Twenty minutes ago, Eric Evans talk about Cassandra ended at Disruptive Code. In the first 25 minutes or so, I was quite disappointed because it seemed to be exactly the same presentation, which I saw in June at the Berlin Buzzwords conference. Even the funny Bigtable-Dynamo lovechild slide was still there, though I believe the laughter was greater in Berlin than it was in Stockholm. Well I guess it's not so easy to get a Swede laughing.

Anyway, what I realised during Eric's presentation, was that he already added some stuff from the next Cassandra release 0.7. First of all, every time he was showing configuration, he had an excerpt from the a cassandra.yaml file. For instance this snippet from his timeseries example:


#conf/cassandra.yaml
keyspaces:
-name: Sites
column_families:
-name Stats
compare_with: LongType
new yaml configuration in Cassandra

Apparently as of version 0.7, the cassandra.yaml file is replacing the cassandra.xml file. I have not come in contact with yaml really, I believe it is common in the Ruby world. Another very cool feature is the addition of secondary indexes to Cassandra. In previous versions, Cassandra did not have indexes out of the box. To mimic the behavior of a secondary index, what you could have done is to create another Column Family (I believe it was called). This new Column Family would then be sorted differently and contain a key to the "original" entry. As a example, imagine having a Column Family to store addresses. To be able to search by the city, you could create another Column Family called "byCity" with two properties, "city" and "address key". Every time you insert or update an address, your code has to alter the byCity Column Family.

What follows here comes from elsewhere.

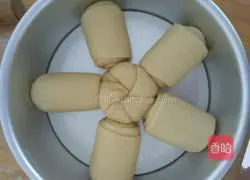 Illustration of how to make pattern bread 2
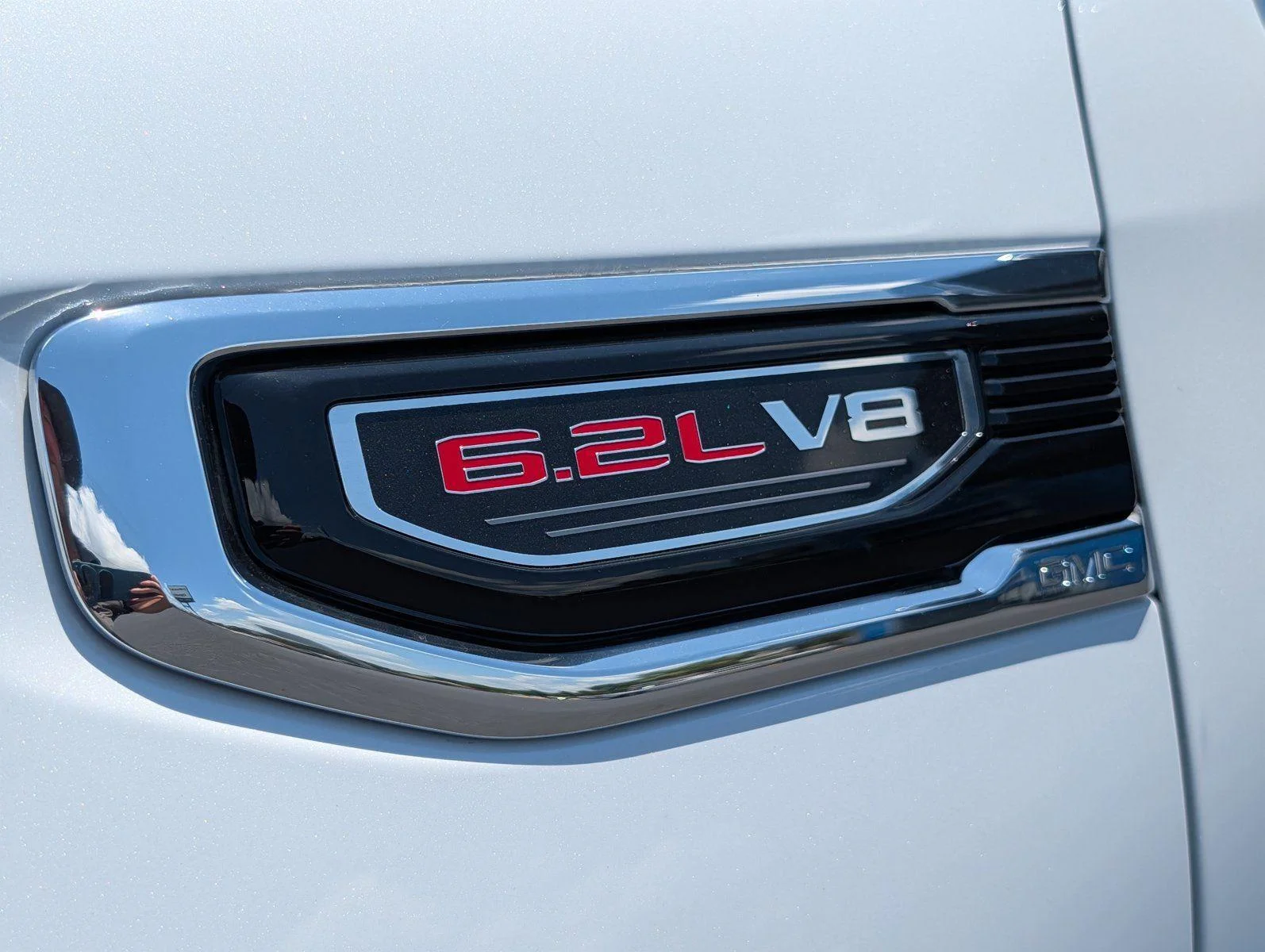 New 2026 Glacier White Tricoat GMC Denali image 41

It looks like Cassandra will do this for you from version 0.7 on. There two new per-column settings called index_name and index_type. If I understood Eric correctly, adding this to your configuration will create you an inverted index, which can be used as a secondary access path. I think this is a very nice, yet very undocumented, feature. No clue when version 0.7 is going to be released but I hope it will be very soon, because we are only weeks away from starting a very big Cassandra project in my company.